Work item: Copy exactly the lines of the data below, beginning with the line with "Apartament cu 3" and ending with the line with "이경진의 우리를 위한 작고 따뜻한 클래식 공연 리뷰 이미지". Pictures are to be omitted.

Data for analysis:
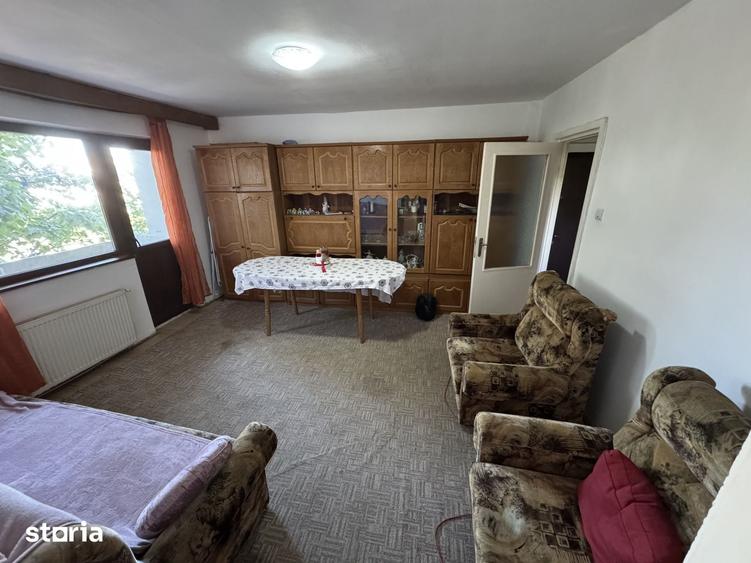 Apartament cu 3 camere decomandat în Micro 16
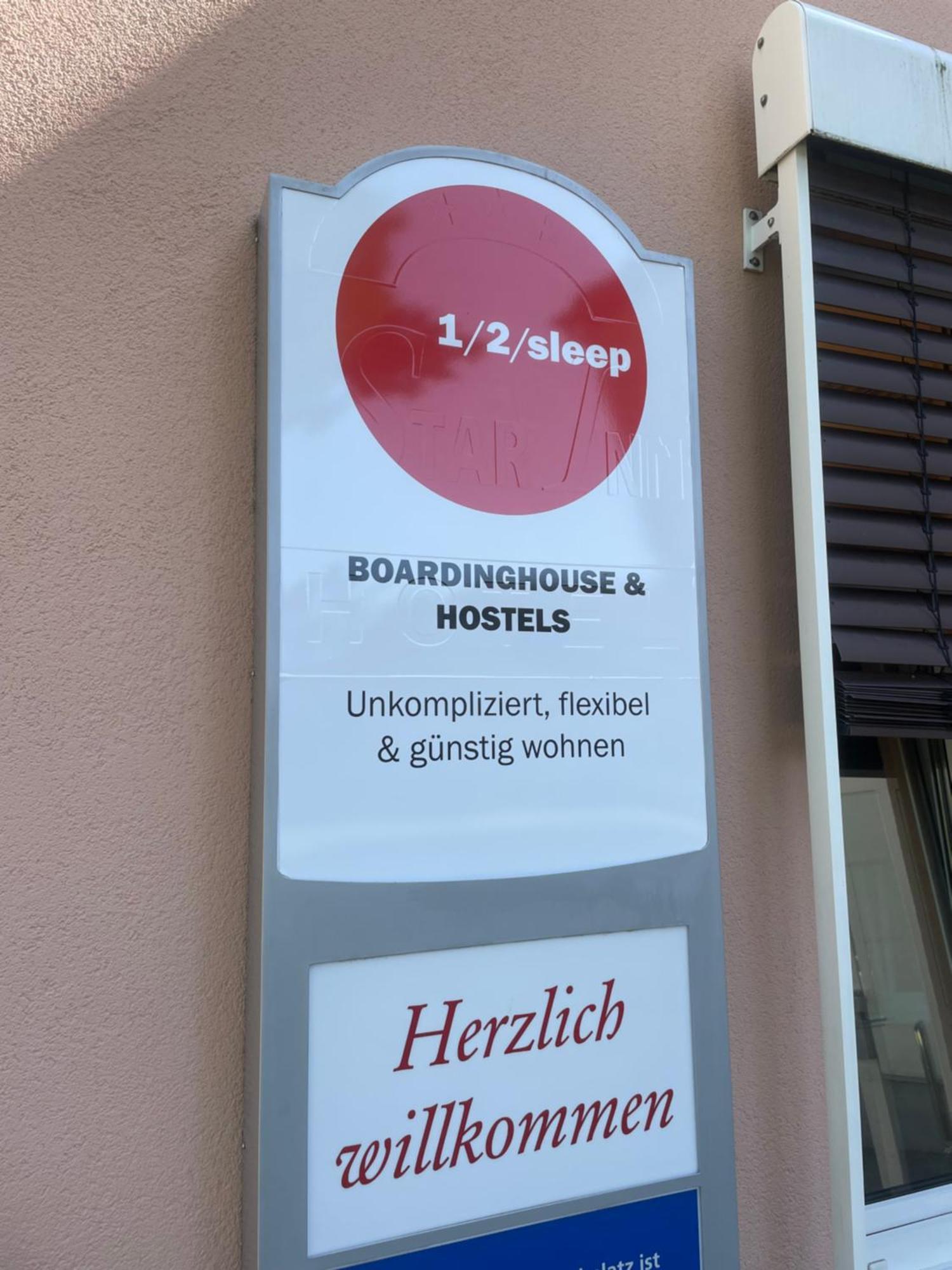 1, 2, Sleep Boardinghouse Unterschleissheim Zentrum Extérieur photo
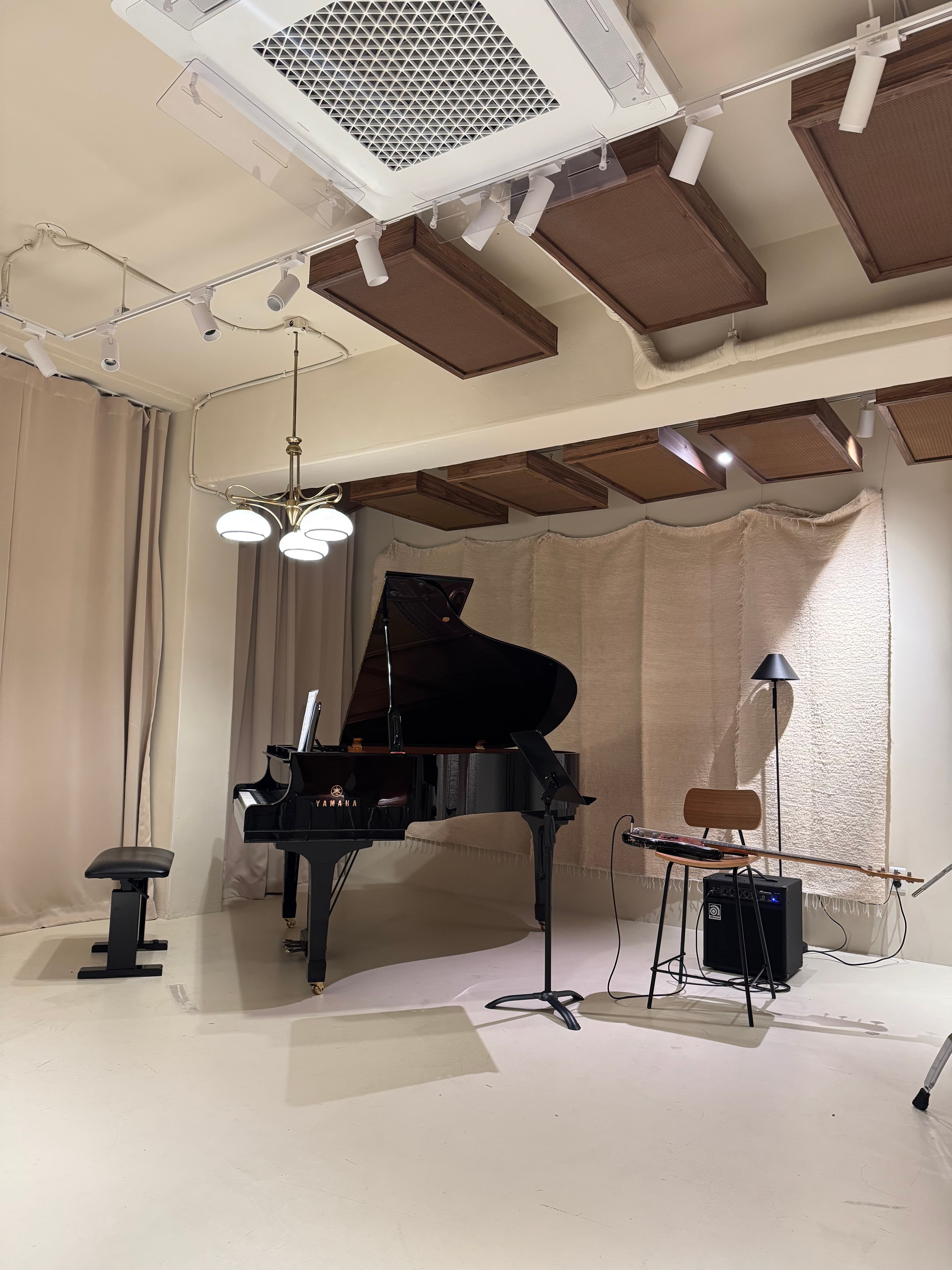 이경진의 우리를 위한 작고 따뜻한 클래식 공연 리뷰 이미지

---

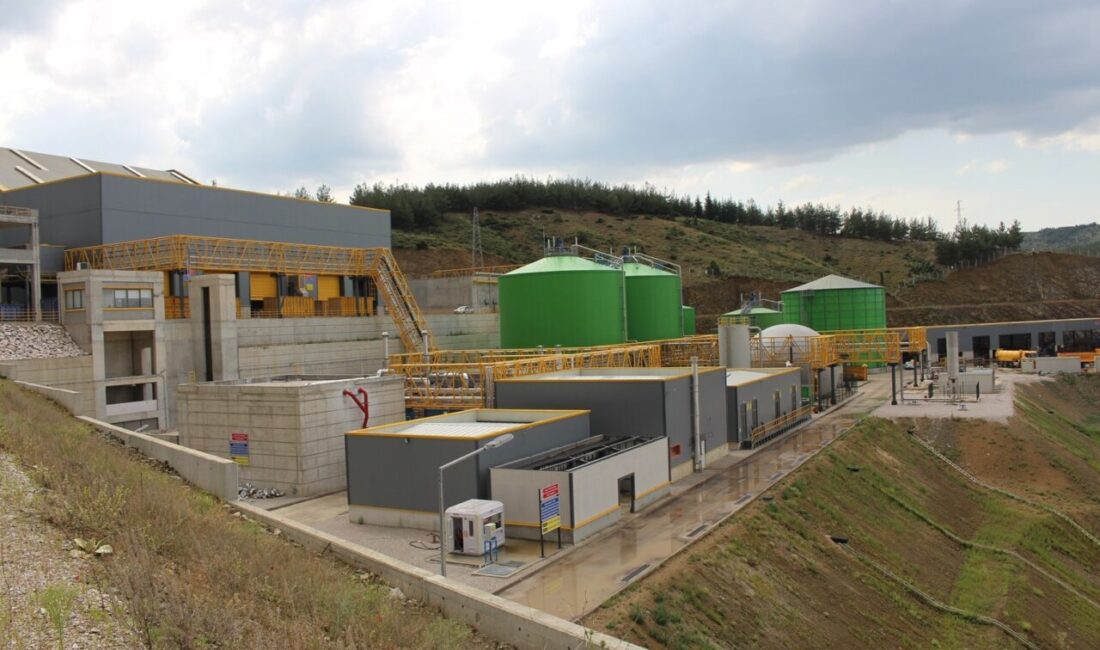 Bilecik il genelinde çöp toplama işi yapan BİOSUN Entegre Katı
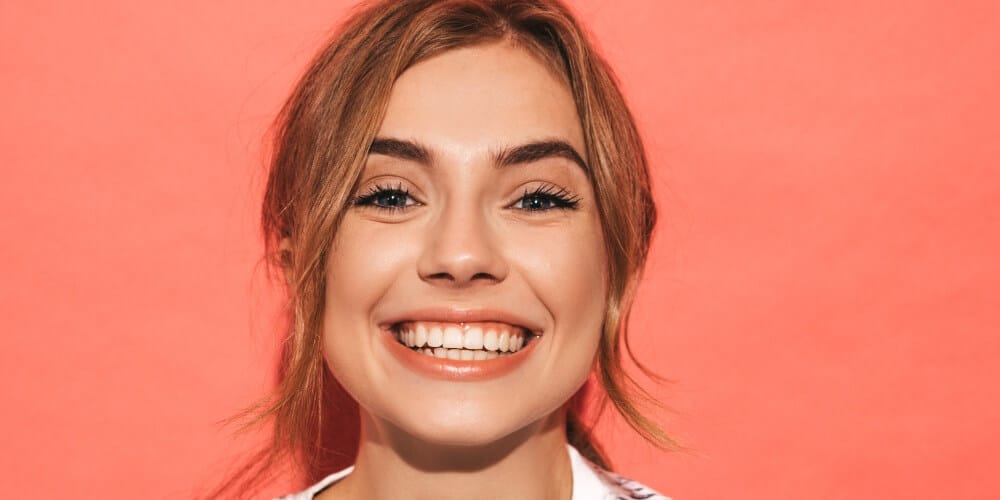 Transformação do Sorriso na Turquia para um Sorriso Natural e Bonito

Response to this exercise:
 Apartament cu 3 camere decomandat în Micro 16
 1, 2, Sleep Boardinghouse Unterschleissheim Zentrum Extérieur photo
 이경진의 우리를 위한 작고 따뜻한 클래식 공연 리뷰 이미지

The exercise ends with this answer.